The Battery Recycling industry is experiencing explosive growth, and for good reason. According to Fastmarkets.com, The volume of battery materials available for recycling worldwide is forecast to increase seven-fold between 2020 and 2030, to reach 1.4 million tons. By 2040, more than seven million tons are expected to be available. Only a fraction of that recycling capacity currently exists.
Within the sector new battery technologies constantly emerge, often with unique recycling requirements. New processing technologies constantly emerge; Black Mass used to be processed this way but now there is a better way.
Add to this exciting new initiatives such as a battery ‘Passport’ to track batteries from the raw materials at the mine, to processing, to manufacturing, through useful lfe, to demanufacturing back to raw materials and then back into new batteries. This is but a single example among hundreds of new ideas being discussed.
So, if you want to track every single element of all this, in real time, everywhere, you are going to need a very capable software suite. Well, the Recyclesoft suite is exactly that and it is ready now.
The core product, ROMS (Recycling Operations Management System) was originally designed around the needs of the E-waste and ITAD verticals. These needs can be extremely complex. ROMS has been two and a half decades in development over many re-writes and it will support any level of complexity you may require. However, we have added many, many features especially designed for the battery recycling community. I’ll explain three examples of this.

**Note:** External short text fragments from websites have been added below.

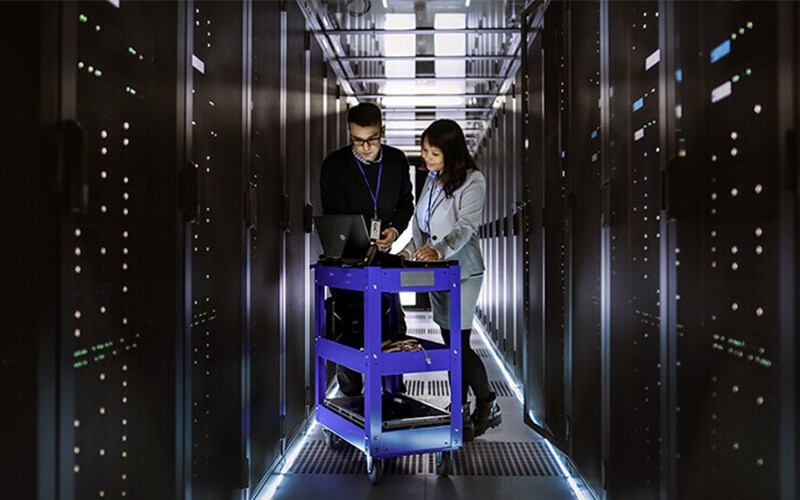 IBM analytics software Two users in server room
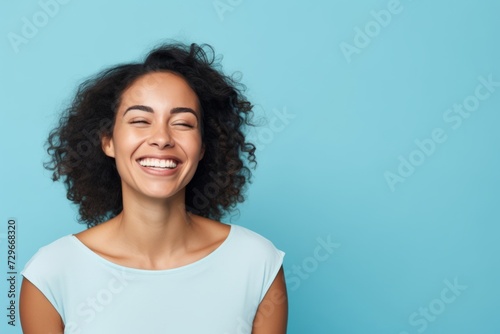 Portrait of beautiful young african american woman laughing and looking at camera on blue background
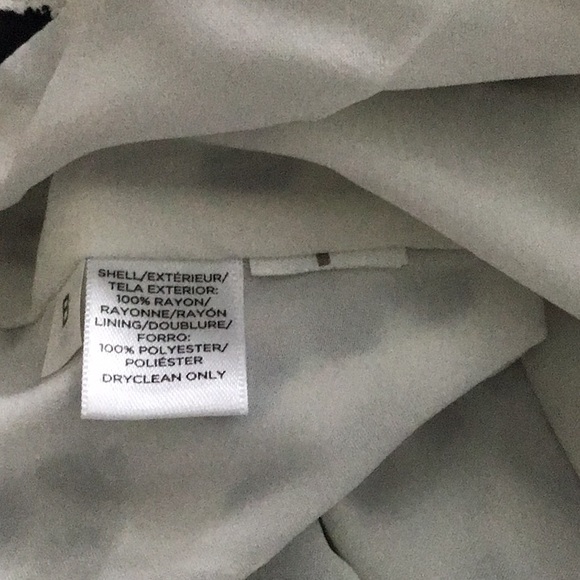 White with black dots mini skirt. - Picture 4 of 7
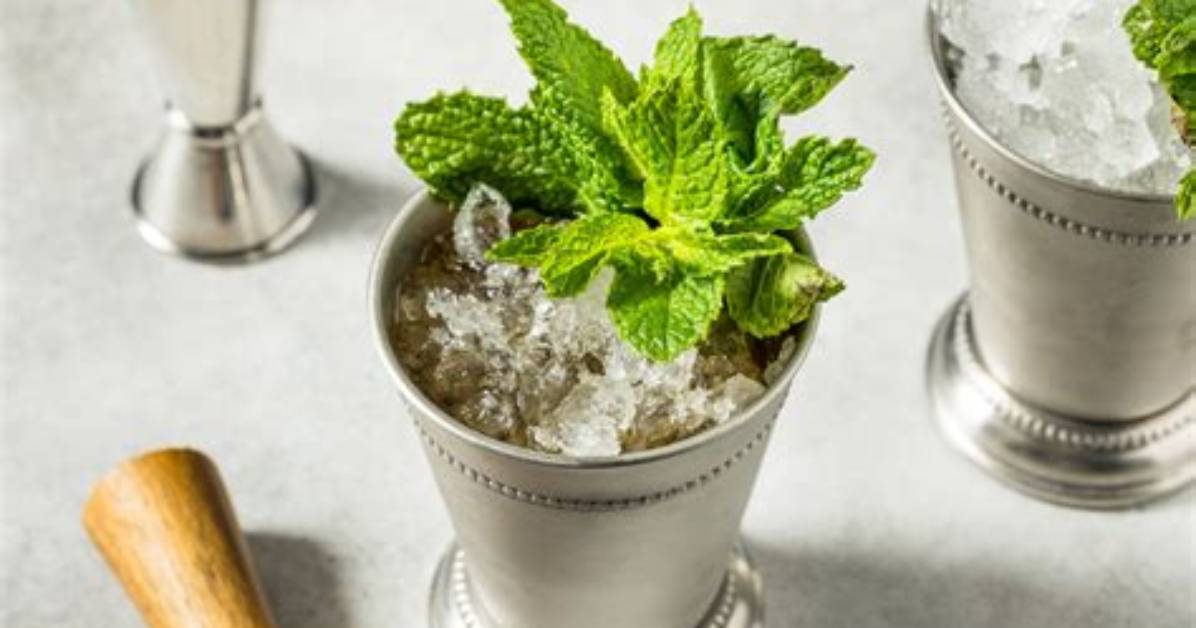 Why Are Mint Juleps Served in Silver Cups?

Every transaction in ROMS is blockchain verified. So, anything that changes in the database is recorded in the blockchain. this is an essential feature should you truly need to track everything – and report it, as in a passport.
Batteries contain many complex materials (as well as not so complex, steel, for example). Those eventual complex materials may be the product of other secondary complex materials. These secondary materials may have been manufactured from raw materials of from other complex materials. Any given process will likely include a waste element plus other inputs such as water or solvents. This entire chain is modeled within ROMS. Not only this but should assay verification be required at any step, this is fully supported too.
The final example is our new Process Definition module. Any given manufacturing process has three sets of properties. Inputs (including power), outputs (including waste) and then there is the process itself; cost per unit of measure, time per unit of measure, equipment used etc. Any given process may be part of a chain of processes each with their own properties. These are also modeled within ROMS. So, at the top level process we might have ‘XYZ Lithium Ion Battery Manufacture’. Here, on the input side you have raw materials of whatever form, on the output side you (eventually) have batteries. Contained within that top level process you may have hundreds of smaller processes, some in tandem, some sequential, all with their inputs and outputs clearly defined. In between ROMS provides a complete monitoring of everything from A to Z.